Exercise - The material below should be copied line for line, please, with pictures omitted.

Raw data -
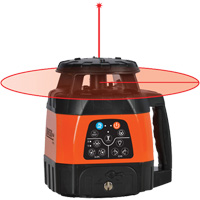 Red Beam Self-Leveling Horizontal & Vertical Rotary Laser, 200' (60 m), 635 Nm GTA Hardware Inc
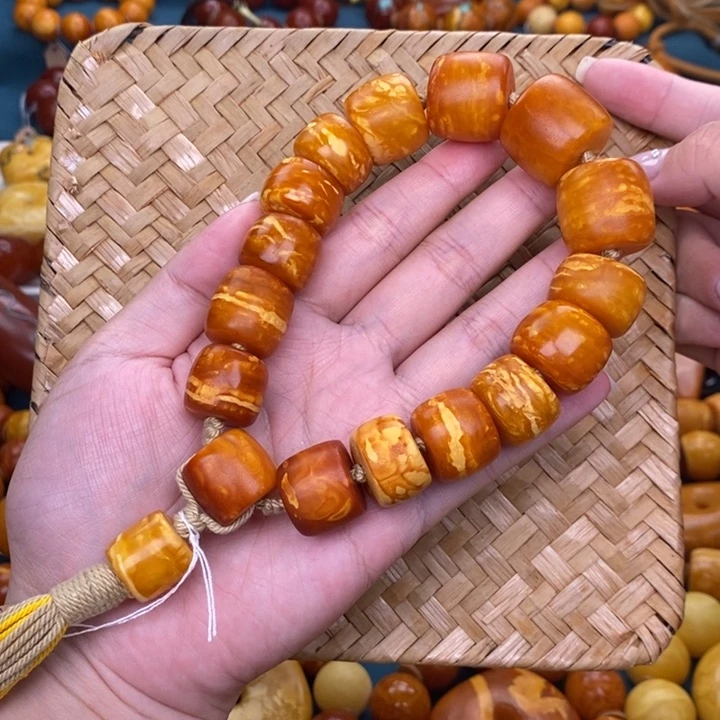 未镶嵌琥珀裸石蜜蜡T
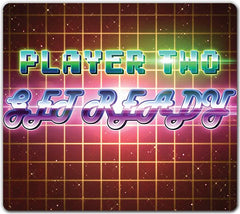 Player Two Mousepad - Martin Kaye - Mockup - 09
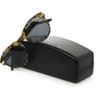 Alexander Wang Roundframe Acetate and Metal Sunglasses in Brown (black) - Lyst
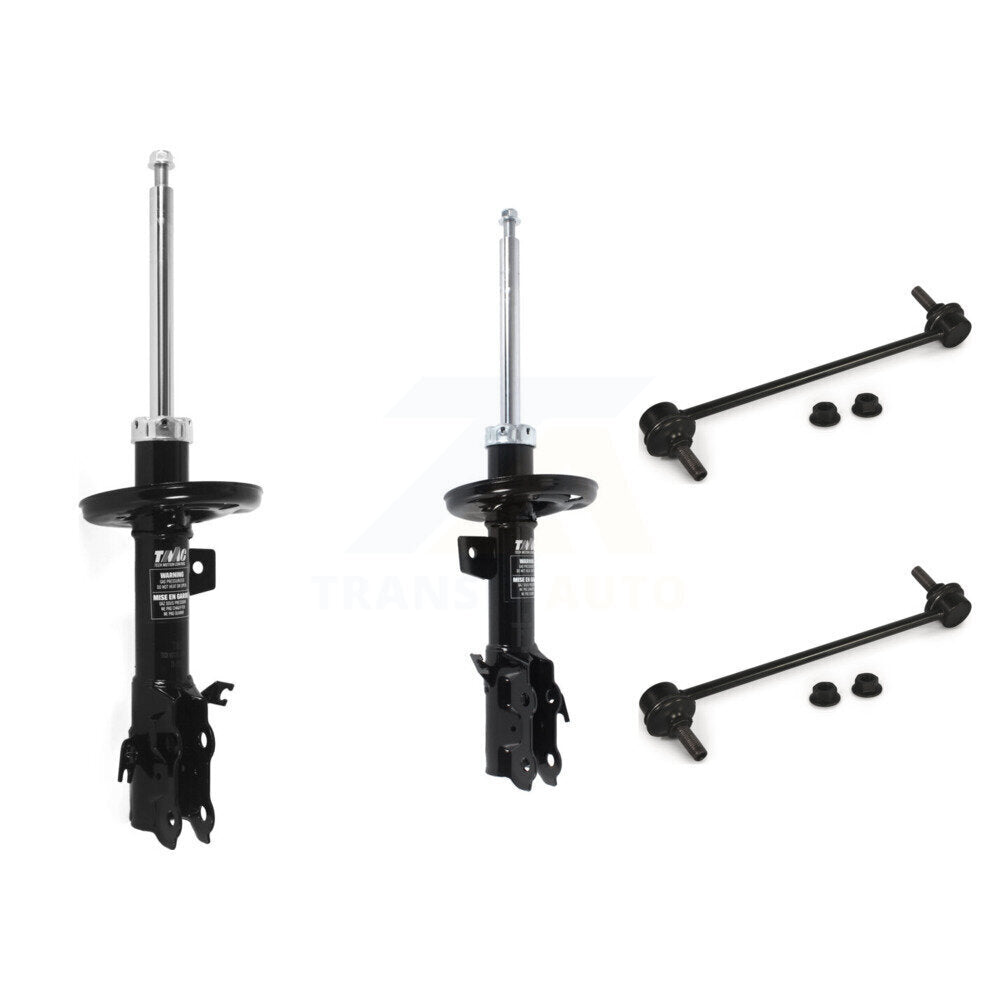 [Avant] Jambe de suspension pour 2011-2013 Ford Fiesta KSS-105876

Written solution -
 Red Beam Self-Leveling Horizontal & Vertical Rotary Laser, 200' (60 m), 635 Nm GTA Hardware Inc
 未镶嵌琥珀裸石蜜蜡T
 Player Two Mousepad - Martin Kaye - Mockup - 09
 Alexander Wang Roundframe Acetate and Metal Sunglasses in Brown (black) - Lyst
 [Avant] Jambe de suspension pour 2011-2013 Ford Fiesta KSS-105876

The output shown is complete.